Extract the records in full, leaving every picture out.

(WORKING DATA)

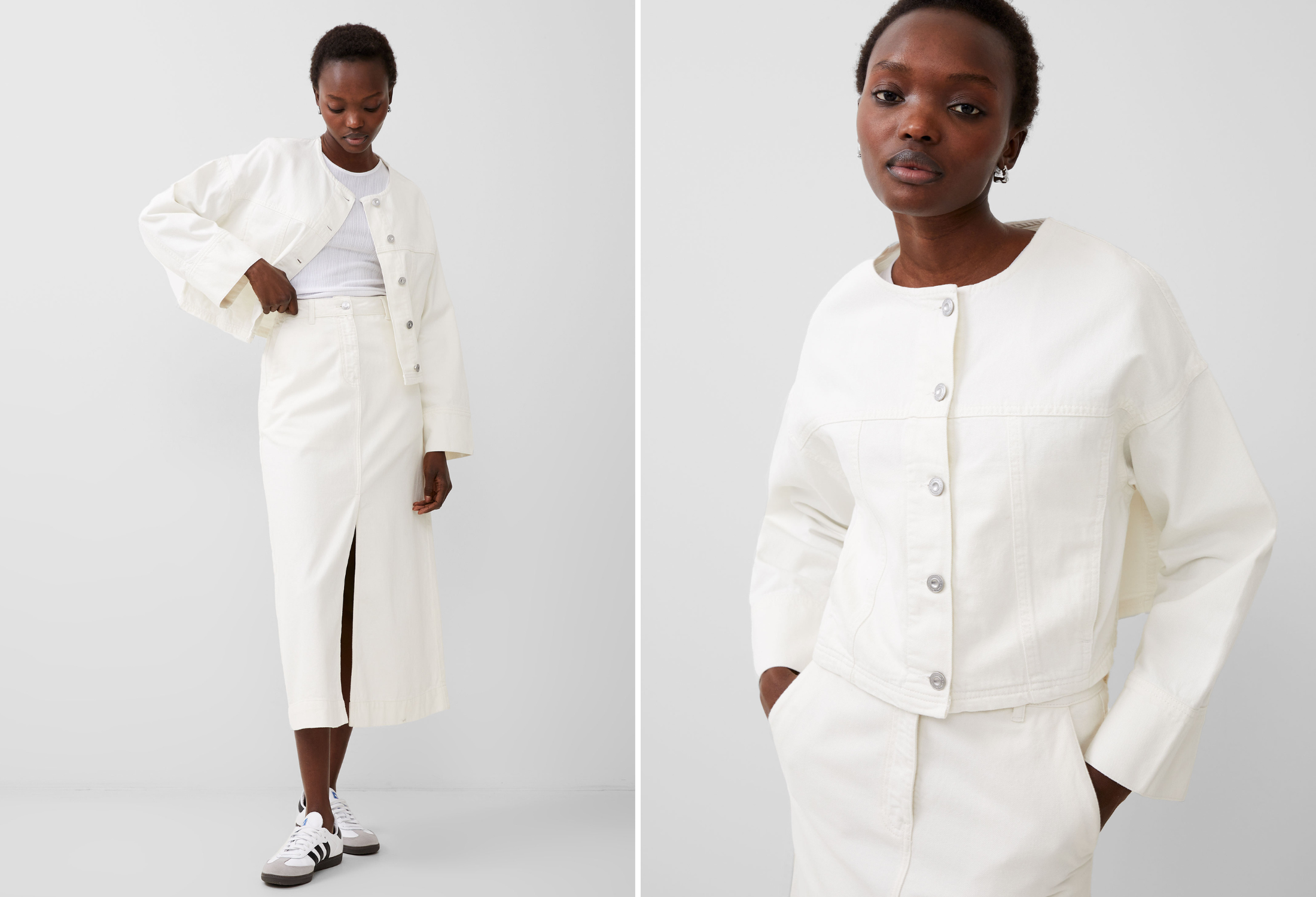 White denim jacket and matching midi skirt co-ord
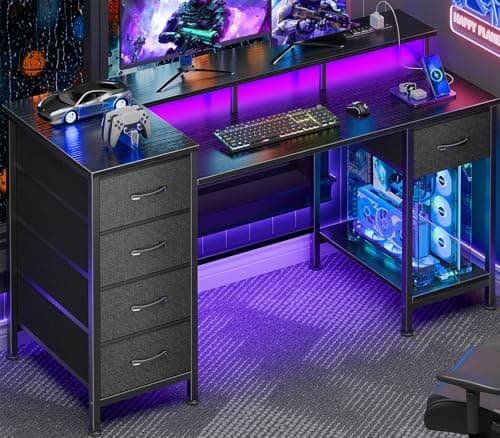 Korfile 47 Inch Gaming Computer Desk with Power Outlets,LED,5 Drawers,Black | Gaming desk with power outlets &LED lights,reversible design with 5 storage drawers,fits 47-inch, monitor stand,black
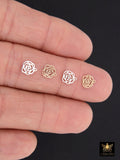 14 K Gold Filled Camellia Charms, 925 Sterling Silver Rose Flower Charms # 927, 8 mm Gold Love Devotion Floral Charms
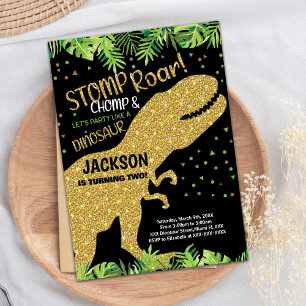 Invitaciones de cumpleaños de dinosaurios Purpurin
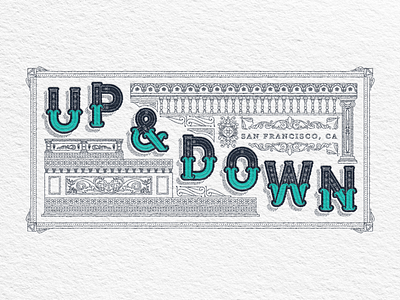 UP & DOWN architecture illustration san francisco typography victorian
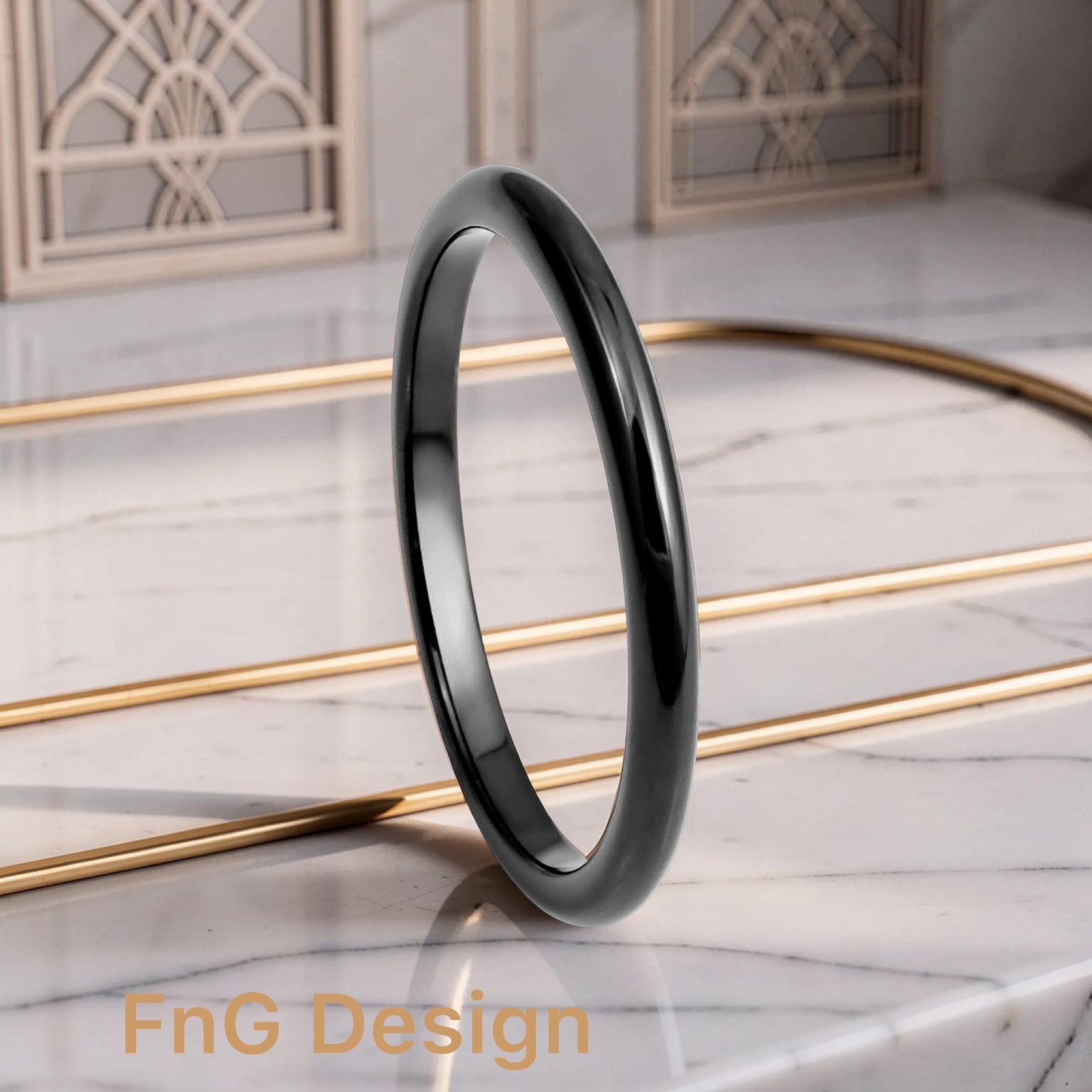 Tungsten Ring Black IP Plated High Polished Thin Band – 2mm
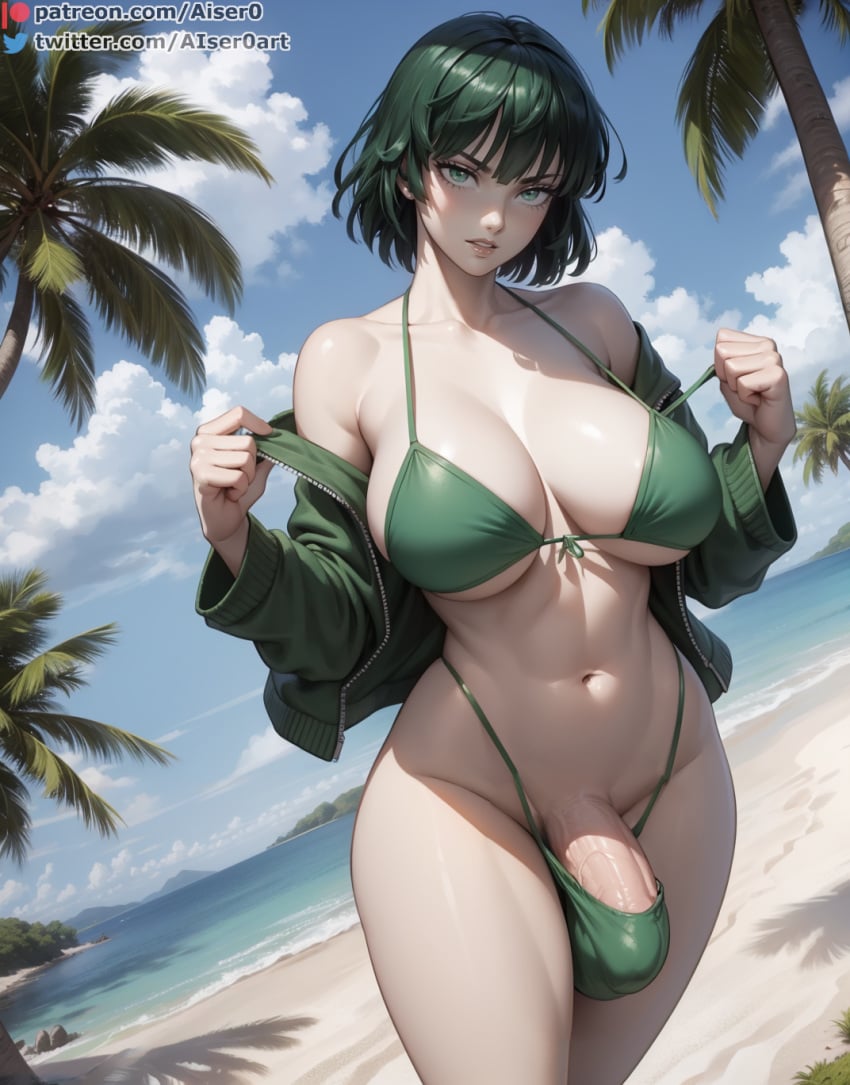 1futa ai_generated aiser0 beach bikini breasts bulge fubuki_(one-punch_man) futa_sans_pussy futanari green_hair hoodie large_breasts large_penis looking_at_viewer one-punch_man open_hoodie outside penis standing thighs veiny_penis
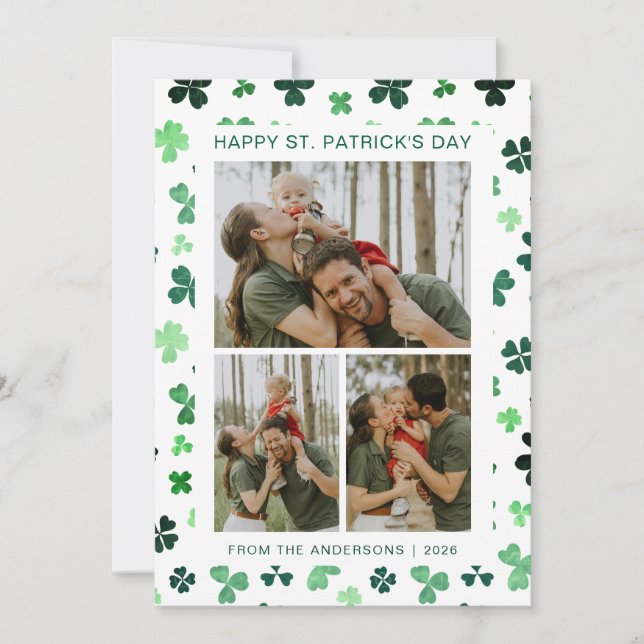 Patrick's Day Photo Julkort (Framsida)
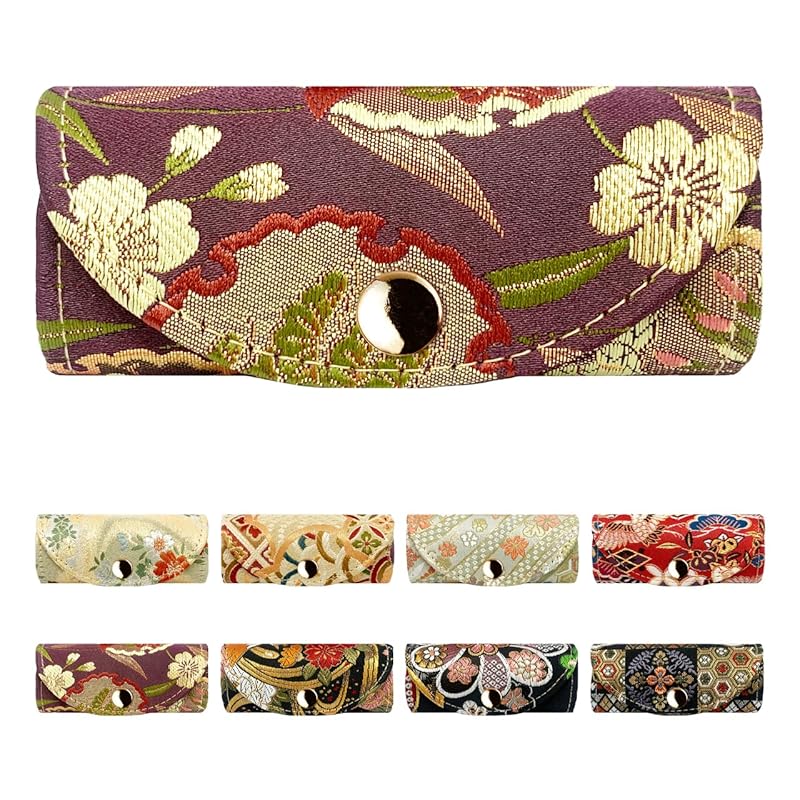 

[leo&aoi] Nishijin textile key case ladies men s 4 consecutive smart key tri-fold key case key key compact key ring 4 key case 4 key hooks Japanese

(End WORKING DATA)

§ **RESPONSE TO THE TASK**:
 White denim jacket and matching midi skirt co-ord
 Korfile 47 Inch Gaming Computer Desk with Power Outlets,LED,5 Drawers,Black | Gaming desk with power outlets &LED lights,reversible design with 5 storage drawers,fits 47-inch, monitor stand,black
 14 K Gold Filled Camellia Charms, 925 Sterling Silver Rose Flower Charms # 927, 8 mm Gold Love Devotion Floral Charms
 Invitaciones de cumpleaños de dinosaurios Purpurin
 UP & DOWN architecture illustration san francisco typography victorian
 Tungsten Ring Black IP Plated High Polished Thin Band – 2mm
 1futa ai_generated aiser0 beach bikini breasts bulge fubuki_(one-punch_man) futa_sans_pussy futanari green_hair hoodie large_breasts large_penis looking_at_viewer one-punch_man open_hoodie outside penis standing thighs veiny_penis
 Patrick's Day Photo Julkort (Framsida)

[leo&aoi] Nishijin textile key case ladies men s 4 consecutive smart key tri-fold key case key key compact key ring 4 key case 4 key hooks Japanese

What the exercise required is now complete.